Calgary is a great place to live, by all accounts, but you might not wanna die there. As the National Post reports, the conservative capital of Canada is running out of room to bury its bodies. “Calgary, which maintains five graveyards, has only eight more years of cemetery space,” as per the Post.
Now, having lived in Calgary for 12 years, I’ve seen the city expand from seeing farmers’ fields from my backyard to all the new communities, strip malls and even a couple LRT extensions in my time. There’s no question that space is at a premium within the current city limits. As opposed to Toronto, where buildings are bought out and knocked down to put up condos, Calgary’s expansion has been mostly outwards, not upwards (although there certainly are a few more shiny glass towers downtown than when I left town in ’05). And I can see how a cemetery might not be as profitable as an office building or housing complex, so I suppose this doesn’t surprise me.

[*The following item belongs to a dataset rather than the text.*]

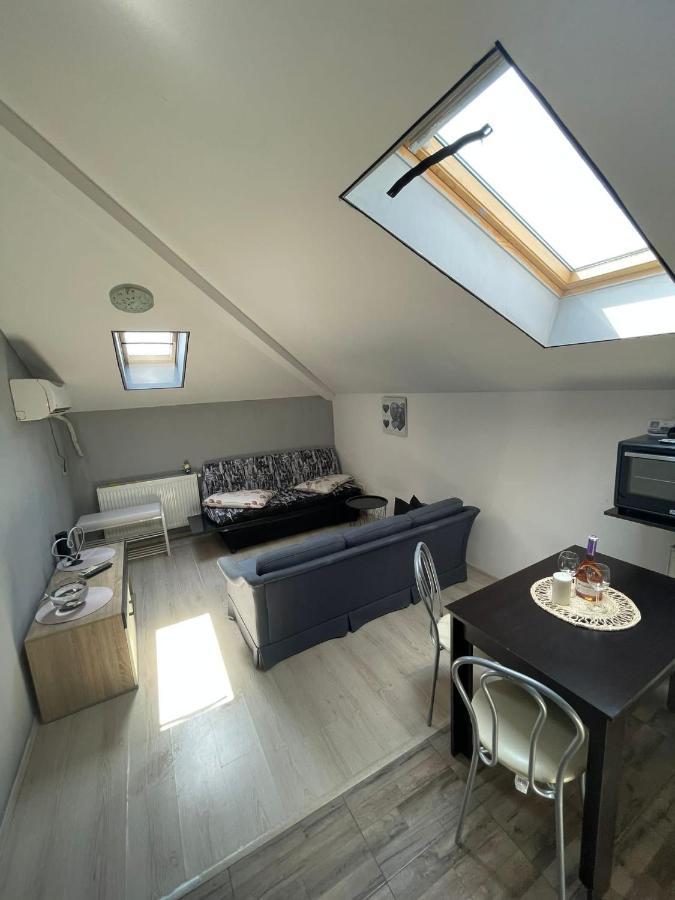 Apartament 2 Camere Chiajna Экстерьер фото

Y’see, Calgary’s been booming for quite some time now. The National Post notes “In the ‘40s, Calgary’s population was about 90,000. After the oil boom in the ‘70s, it exceeded 500,000. It now stands at more than 1.2 million.” Since cemeteries aren’t the most profitable investment, some of the biggest ones, like Queen’s Park cemetery, date back to the 40’s, when the rapid expansion of the Calgarian population could not possibly have been foreseen. (And yes, I do find it funny that Calgary named a large burial ground after the Ontario provincial legislature. I suppose the post-war urban planners at least had a sense of humour…)
But, according to the Post, “There are several privately run cemeteries in the city with lots of space: unlike the municipal governments, the private sector does not seem to have the same problems planning for the future.” Hmm, I don’t suppose said proclamation by the paper would be in support of privatizing another enterprise, which has purportedly found favour in that province, would it?